Police officer accuses senator of lying after men’s room arrest

? The officer who arrested Sen. Larry Craig in a police undercover operation at an airport men’s room accused the senator of lying to him during an interrogation afterward, according to an audiotape of the arrest.

On the tape, released Thursday by the Minneapolis Airport Police, the Idaho Republican in turn accuses the officer of soliciting him for sex.

“I’m not gay. I don’t do these kinds of things,” Craig told Sgt. Dave Karsnia minutes after the two men met in a men’s room at the airport on June 11.

The two men disagreed about virtually everything that had occurred minutes earlier, including whether there was a piece of paper on the floor of the stall and the meaning of the senator’s hand gestures. At no time did Craig admit doing anything wrong, although weeks later he pleaded guilty to a reduced misdemeanor charge of disorderly conduct.

“You’re not being truthful with me,” Karsnia told Craig during the interrogation. “I’m kind of disappointed in you, senator.”

Meanwhile, more of Craig’s Republican colleagues moved away from him Thursday in the wake of his guilty plea earlier this month to a reduced charge of disorderly conduct in the undercover police operation aimed at sex solicitors.

Sen. John Ensign of Nevada, chairman of the GOP’s senatorial campaign committee, stopped short of calling on Craig to resign but suggested strongly that he should.

Sens. Norm Coleman, R-Minn., and Susan Collins, R-Maine, each turned over to charity $2,500 in campaign donations they had received from Craig’s political action committee. Coleman and Collins both face potentially tough races for re-election next year.

Coleman and several other Republicans – including Sen. John McCain, R-Ariz. – have called for Craig to resign his seat in the Senate. Craig already has agreed to a request by Republican leaders to give up his ranking status on the Veterans Affairs Committee and Appropriations subcommittees.

GOP Senate leaders said they did not act lightly in asking Craig to give up his leadership posts temporarily. But they said their decision was “in the best interest of the Senate until this situation is resolved by the ethics committee,” of which Sen. Pat Roberts, R-Kan., is a member.

On the tape, Craig and the arresting officer can be heard arguing over what happened in adjoining stalls of the men’s room minutes earlier. Craig acknowledges that the men’s feet bumped but says nothing improper happened.

“Did we bump?

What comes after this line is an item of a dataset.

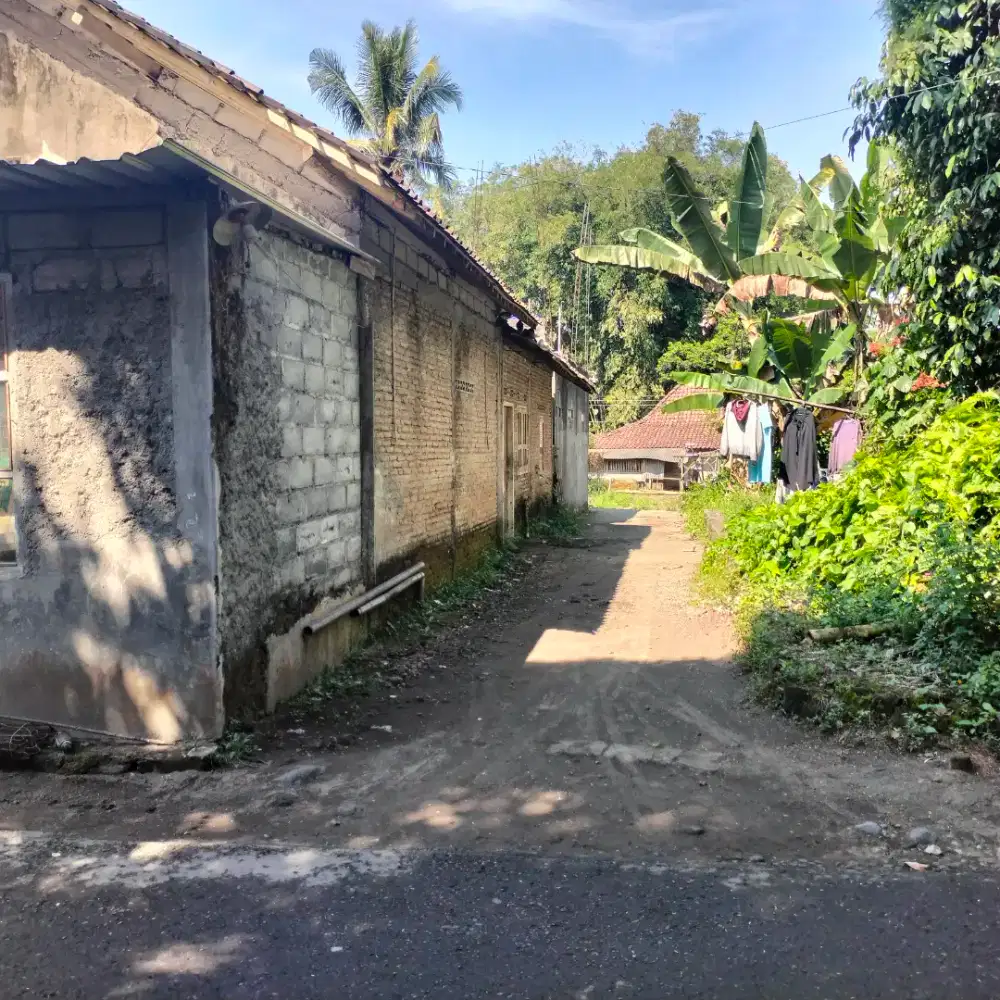 Dijual.cepat 15 menit akses kampus UII Jogja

Yes, I think we did. You said so. I don’t disagree with that,” Craig said.

But Craig disputes the officer’s account that he swept his hand under the stall next to him in an apparent effort to advance the encounter. They even disagree whether Craig used his right hand or his left hand.

Craig said he was merely trying to pick up a piece of paper – an account the officer disputes; he said there was no piece of paper.

Karsnia said in a police report that he recognized Craig’s hand gesture as a signal aimed at initiating sex.

Karsnia, 29, has arrested at least a dozen men in the airport’s bathroom for sending signals he believed were aimed at initiating sex.